Há tempos bebia uma cerveja com o meu então professor de Filosofia e perguntava-lhe quais filósofos vivos ficariam para a história da Humanidade. Ele, brilhante marxista, lá me gizou um ou dois nomes franceses que a boa memória não me permite nomear. Os meus amigos mais católicos dizem-me que daqui a centenas de anos Ratzinger será lido com a mesma reverência com que hoje se lê Santo Agostinho. Será?
Quem, entre nós, os vivos, moldará a Humanidade?
Demorei algum tempo a reconhecer que piso o mesmo chão de Jesus ou Platão. Apesar de superiores, somos feitos da mesma matéria: tenho olhos e pernas; como e bebo; ressono e constipo-me. Será que os contemporâneos de Jesus ou Platão sabiam que eram contemporâneos de Jesus ou Platão? O meu bisavô nasceu dez dias antes de Wittgenstein e cinco meses antes de Heidegger (#1889MelhorColheita). Será que, enquanto vivo, sabia que respirava do ar, bebia da água, partilhava chão, com dois dos maiores da nossa raça? Estaria ele a par da grandeza dos seus pares?
Duvido: para ser-se endeusado é preciso ser-se intangível, e para ser-se intangível é preciso estar-se morto. Antes da funesta condição, todavia, vão-se tocando algumas notas de grandeza ainda em vida.
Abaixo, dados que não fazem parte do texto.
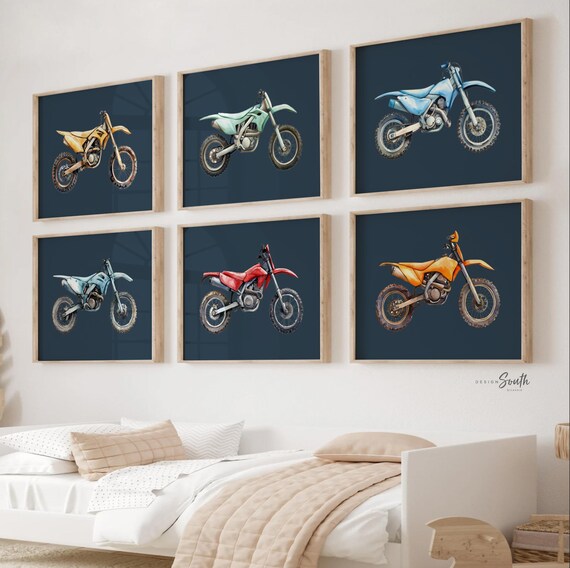Dirt Bike Nursery Art Prints: Navy Blue Motocross Decor, Set of 6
E, por isso, repete-se a pergunta: quem, entre nós, os vivos, moldará a Humanidade?
E responde-se: Elon Musk, entre nós, os vivos, moldará a Humanidade.
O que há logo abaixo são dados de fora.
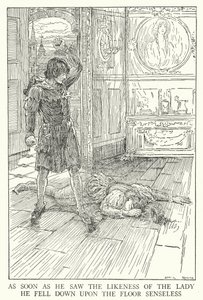 Sobald er das Abbild der Dame sah, fiel er bewusstlos zu Boden von Louis John Rhead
Musk é o messias da pós-modernidade. Tal como Jesus, Musk traz uma redenção: a de liberdade total. Onde? No principal fórum de discussão mundial. Antes, os gregos discutiam na redoma possível à época – limitada por geografia, classe e sexo. Hoje, havendo estilhaçado a redoma com emancipações e a criação da Internet, a Humanidade discute num fórum virtual que vai de Atenas a Kuala Lumpur. O Twitter é, hoje, por excelência, o lugar onde a Humanidade se debate.
Nós, homens com cabelo multicolor, mulheres com chapéus da MAGA, ou simples sujeitos indefiníveis, somos os gregos que outrora vestiam branco. E Musk, amante da liberdade ortodoxa, quer que nos sentemos no seu fórum e discutamos sem purpurinas, apenas balizados pela lei.
Quem tem medo do poder popular? Ideias combatem-se com ideias. Capitalismo não é necessariamente bom ou Comunismo necessariamente mau. A democracia talvez possa existir sem partidos. O céu pode não ser azul em todo o mundo. Discuta-se, rompa-se, expurguem-se inquietações: tudo isto é Humanidade; e tudo isto estava limitado por uma moralidade intelectualmente castrante. Musk devolve o órgão reprodutor ao Twitter e, por isso, devolve-o à Humanidade.
Elon Musk, entre nós, os vivos, moldará a Humanidade.
Musk tem a inquietação necessária ao génio. Do enfant terrible. Do humano: com maldade, sentido de humor, ácido pelas veias. Por conhecer a sua condição – humana, errante, esquinada –, Musk quer projetá-la no Twitter: humanizando-o. Por entender que o mundo não é feito de almofadas, por sabê-lo com arestas, Musk quer levá-las ao Twitter: afiando-o. Por saber de uma moralidade reinante, e por sabê-la institucionalizada apesar de filha de uma minoria barulhenta, Musk impede que o Twitter contribua para um monopólio da moral: libertando-os. E é por tornar o Fórum Mundial num espaço mais nu e cru que contribui para a nossa condição, também ela nua e crua. Ao emancipar o Twitter da sua infantilidade intelectual, Musk está a emancipar a Humanidade da sua infantilidade intelectual: e, por isso, devemos estar-lhe agradecidos. E é por tudo isto, sem expandir para os seus muitos outros feitos, que acredito que Elon Musk, entre nós, os vivos, moldou a Humanidade
Aqui chegados, olha-se para dentro e pergunta-se: será que quando Elon Musk era vivo, os seus contemporâneos sabiam que eram contemporâneos de Elon Musk?